# PROVIDED RECORDS

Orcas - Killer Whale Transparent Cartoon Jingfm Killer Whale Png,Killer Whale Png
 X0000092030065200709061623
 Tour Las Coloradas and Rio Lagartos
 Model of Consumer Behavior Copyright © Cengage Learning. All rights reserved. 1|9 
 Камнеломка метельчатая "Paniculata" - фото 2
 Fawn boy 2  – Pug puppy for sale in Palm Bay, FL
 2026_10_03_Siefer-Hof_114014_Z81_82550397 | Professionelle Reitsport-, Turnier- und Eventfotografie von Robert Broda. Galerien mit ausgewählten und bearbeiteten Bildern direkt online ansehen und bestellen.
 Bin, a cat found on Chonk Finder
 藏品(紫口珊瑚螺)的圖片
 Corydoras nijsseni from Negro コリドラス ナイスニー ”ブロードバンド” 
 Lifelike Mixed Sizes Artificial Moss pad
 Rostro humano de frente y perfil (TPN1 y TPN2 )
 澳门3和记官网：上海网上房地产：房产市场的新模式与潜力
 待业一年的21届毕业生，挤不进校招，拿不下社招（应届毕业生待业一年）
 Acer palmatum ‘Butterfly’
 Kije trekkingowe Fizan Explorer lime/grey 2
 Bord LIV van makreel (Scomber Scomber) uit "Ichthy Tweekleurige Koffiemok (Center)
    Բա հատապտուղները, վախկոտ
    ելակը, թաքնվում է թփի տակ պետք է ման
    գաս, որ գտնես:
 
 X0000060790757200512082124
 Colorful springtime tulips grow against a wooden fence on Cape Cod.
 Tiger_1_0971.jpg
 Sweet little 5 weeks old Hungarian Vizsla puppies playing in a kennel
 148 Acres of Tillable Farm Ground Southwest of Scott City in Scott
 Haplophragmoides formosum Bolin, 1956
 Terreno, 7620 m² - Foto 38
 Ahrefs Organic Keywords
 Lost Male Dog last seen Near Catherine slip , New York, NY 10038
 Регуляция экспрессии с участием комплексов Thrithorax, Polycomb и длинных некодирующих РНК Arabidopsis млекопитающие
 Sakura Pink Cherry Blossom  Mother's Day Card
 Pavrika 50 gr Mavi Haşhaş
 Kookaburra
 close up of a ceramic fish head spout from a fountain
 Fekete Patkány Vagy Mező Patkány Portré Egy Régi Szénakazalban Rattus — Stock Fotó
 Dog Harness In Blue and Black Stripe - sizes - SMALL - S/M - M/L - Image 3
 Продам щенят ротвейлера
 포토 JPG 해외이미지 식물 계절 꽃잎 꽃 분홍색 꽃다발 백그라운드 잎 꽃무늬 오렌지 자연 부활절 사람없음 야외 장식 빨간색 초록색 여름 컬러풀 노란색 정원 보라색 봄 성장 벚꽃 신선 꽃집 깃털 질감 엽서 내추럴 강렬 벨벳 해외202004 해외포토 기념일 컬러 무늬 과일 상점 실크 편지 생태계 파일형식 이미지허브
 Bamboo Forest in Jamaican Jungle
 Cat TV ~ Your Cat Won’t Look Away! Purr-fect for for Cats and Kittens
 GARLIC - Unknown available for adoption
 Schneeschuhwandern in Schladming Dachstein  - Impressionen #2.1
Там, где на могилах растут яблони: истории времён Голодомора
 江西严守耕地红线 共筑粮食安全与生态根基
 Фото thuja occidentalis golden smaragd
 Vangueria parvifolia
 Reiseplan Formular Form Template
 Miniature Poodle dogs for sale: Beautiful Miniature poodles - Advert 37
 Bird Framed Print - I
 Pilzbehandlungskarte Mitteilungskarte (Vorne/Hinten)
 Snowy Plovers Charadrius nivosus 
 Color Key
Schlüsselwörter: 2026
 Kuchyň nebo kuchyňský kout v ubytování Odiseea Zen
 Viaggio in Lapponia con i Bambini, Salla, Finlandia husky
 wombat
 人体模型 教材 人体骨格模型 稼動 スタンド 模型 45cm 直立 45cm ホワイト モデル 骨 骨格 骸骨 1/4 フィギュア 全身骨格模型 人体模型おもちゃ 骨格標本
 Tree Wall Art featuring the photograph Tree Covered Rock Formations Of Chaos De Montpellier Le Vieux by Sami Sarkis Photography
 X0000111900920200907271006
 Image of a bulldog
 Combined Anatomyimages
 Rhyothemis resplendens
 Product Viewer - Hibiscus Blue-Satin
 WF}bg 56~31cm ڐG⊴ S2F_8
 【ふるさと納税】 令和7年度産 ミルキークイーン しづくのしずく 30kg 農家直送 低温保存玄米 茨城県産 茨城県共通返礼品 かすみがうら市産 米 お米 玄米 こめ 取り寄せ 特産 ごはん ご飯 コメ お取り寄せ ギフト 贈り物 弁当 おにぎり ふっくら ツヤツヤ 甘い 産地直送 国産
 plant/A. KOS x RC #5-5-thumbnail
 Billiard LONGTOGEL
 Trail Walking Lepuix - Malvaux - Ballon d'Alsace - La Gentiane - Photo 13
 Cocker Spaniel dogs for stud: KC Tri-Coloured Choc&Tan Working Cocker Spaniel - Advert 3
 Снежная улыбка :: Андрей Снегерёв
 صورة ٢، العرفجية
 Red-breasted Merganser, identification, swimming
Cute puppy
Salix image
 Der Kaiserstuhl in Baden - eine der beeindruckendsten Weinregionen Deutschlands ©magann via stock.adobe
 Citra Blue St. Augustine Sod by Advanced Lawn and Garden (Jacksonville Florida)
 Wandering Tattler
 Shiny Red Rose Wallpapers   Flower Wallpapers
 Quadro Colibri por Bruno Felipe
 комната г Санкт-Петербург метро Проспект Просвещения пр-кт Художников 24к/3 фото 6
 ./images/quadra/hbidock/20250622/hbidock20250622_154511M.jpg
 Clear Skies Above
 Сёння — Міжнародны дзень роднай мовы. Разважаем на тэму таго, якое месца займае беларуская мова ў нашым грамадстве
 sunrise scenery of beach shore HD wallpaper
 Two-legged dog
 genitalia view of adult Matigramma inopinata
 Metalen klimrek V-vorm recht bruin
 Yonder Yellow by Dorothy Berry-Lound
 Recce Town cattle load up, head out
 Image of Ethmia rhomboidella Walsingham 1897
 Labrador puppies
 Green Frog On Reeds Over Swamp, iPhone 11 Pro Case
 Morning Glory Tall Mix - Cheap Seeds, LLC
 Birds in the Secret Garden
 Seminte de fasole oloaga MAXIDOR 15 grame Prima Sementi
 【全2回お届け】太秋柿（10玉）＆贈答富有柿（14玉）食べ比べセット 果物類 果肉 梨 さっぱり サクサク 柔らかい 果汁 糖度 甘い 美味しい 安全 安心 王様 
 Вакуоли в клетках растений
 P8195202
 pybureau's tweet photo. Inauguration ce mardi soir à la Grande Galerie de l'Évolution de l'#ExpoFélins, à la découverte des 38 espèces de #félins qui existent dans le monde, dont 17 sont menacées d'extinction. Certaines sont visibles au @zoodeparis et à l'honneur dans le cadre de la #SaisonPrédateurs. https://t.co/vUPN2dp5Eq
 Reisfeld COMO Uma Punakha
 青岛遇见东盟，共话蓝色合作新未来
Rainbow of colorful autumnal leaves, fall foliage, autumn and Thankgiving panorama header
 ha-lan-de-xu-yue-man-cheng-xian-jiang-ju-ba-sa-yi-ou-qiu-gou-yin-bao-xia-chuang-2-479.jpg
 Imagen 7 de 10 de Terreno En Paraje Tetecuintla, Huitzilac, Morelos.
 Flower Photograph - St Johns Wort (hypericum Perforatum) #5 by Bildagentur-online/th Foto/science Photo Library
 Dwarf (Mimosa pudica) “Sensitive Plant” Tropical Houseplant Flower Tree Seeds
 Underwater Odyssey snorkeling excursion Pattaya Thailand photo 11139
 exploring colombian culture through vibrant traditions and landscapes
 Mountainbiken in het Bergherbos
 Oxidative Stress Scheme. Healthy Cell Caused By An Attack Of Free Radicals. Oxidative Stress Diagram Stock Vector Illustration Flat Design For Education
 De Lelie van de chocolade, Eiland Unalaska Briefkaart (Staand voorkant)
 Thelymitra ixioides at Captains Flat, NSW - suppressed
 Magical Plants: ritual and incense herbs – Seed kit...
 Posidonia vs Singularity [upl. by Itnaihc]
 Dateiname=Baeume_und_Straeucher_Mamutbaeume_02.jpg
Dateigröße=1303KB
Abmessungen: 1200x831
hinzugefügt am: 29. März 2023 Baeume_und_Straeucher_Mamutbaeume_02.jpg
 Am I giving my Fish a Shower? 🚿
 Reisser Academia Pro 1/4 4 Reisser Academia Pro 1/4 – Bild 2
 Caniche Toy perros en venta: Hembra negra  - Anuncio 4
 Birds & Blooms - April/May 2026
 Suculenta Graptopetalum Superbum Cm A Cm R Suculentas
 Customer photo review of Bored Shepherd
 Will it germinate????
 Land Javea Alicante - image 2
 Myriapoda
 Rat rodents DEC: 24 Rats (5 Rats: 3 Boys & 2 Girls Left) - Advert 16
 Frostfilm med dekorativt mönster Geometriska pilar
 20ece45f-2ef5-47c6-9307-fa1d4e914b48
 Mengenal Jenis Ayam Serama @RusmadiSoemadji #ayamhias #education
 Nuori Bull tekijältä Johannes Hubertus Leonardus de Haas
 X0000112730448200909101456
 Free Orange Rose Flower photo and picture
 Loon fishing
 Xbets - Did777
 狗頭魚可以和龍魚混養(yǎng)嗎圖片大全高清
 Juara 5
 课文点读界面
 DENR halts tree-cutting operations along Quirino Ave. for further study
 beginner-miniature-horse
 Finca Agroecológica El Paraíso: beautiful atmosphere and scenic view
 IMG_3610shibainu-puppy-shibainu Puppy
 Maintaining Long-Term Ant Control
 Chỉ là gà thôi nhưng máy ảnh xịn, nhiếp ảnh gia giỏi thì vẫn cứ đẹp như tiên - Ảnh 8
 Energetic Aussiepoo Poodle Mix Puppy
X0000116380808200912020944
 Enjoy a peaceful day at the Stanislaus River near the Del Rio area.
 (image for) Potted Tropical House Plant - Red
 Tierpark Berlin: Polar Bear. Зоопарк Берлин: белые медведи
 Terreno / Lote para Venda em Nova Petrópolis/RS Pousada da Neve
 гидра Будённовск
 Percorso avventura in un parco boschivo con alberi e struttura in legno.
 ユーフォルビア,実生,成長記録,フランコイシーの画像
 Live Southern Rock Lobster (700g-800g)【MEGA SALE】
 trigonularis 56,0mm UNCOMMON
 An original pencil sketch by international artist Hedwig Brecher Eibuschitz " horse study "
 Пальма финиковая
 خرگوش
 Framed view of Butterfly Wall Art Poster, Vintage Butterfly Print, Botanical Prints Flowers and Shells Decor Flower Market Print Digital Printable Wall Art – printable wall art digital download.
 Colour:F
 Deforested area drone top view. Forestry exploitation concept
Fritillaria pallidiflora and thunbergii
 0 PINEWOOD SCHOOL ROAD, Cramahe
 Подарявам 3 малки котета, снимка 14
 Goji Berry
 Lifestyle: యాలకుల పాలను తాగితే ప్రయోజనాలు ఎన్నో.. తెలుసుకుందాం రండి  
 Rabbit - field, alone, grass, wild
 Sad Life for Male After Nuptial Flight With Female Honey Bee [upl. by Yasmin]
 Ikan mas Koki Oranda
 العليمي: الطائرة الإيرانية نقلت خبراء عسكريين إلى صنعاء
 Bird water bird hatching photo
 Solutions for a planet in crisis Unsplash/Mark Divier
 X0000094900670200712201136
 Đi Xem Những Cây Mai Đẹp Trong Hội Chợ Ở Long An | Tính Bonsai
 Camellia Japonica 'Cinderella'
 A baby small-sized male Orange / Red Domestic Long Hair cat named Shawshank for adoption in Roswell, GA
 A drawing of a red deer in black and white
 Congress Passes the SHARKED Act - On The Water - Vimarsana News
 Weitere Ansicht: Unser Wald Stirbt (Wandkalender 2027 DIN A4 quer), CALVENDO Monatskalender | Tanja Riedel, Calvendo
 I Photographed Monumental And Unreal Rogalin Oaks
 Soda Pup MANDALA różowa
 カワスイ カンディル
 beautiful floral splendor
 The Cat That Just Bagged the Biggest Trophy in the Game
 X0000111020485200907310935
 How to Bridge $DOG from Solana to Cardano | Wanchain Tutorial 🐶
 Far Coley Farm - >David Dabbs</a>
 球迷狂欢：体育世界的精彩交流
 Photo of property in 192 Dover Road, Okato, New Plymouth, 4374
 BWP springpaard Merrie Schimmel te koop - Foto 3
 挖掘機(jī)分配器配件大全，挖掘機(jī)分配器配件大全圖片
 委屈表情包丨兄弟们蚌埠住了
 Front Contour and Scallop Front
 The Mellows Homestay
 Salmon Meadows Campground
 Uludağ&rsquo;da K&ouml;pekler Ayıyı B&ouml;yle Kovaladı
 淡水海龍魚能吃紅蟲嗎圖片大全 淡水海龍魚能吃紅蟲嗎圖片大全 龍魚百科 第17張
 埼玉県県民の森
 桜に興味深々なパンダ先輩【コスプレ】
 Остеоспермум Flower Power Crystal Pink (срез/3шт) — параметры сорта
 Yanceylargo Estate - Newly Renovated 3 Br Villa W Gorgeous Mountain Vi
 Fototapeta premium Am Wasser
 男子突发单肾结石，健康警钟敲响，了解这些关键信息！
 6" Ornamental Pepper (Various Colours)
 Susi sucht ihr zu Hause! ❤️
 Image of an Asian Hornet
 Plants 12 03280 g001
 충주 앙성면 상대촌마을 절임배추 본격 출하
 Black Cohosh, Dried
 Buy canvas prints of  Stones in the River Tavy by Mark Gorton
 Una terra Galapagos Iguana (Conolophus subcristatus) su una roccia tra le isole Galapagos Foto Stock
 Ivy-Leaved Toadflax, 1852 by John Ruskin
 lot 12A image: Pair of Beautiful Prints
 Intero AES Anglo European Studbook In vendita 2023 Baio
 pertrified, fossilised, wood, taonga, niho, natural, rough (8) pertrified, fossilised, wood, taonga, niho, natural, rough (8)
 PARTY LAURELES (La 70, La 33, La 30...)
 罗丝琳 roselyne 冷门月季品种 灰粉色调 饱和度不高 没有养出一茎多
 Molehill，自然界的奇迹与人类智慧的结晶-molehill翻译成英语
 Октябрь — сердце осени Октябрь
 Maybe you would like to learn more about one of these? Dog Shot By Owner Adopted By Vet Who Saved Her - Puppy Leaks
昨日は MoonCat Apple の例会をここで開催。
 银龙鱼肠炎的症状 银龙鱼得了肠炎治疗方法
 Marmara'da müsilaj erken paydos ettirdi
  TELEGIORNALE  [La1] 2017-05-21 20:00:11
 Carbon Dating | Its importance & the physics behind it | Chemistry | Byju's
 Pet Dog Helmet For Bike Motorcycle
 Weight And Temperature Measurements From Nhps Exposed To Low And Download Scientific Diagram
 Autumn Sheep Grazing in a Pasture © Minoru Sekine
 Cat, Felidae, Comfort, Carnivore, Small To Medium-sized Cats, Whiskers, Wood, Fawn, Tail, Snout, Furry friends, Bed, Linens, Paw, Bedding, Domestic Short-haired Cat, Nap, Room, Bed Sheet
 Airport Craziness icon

# TASK INSTRUCTIONS
Give the number of lines in the records above that contain the word "sized". Reply with that number alone.

# THE COMPLETED TASK
2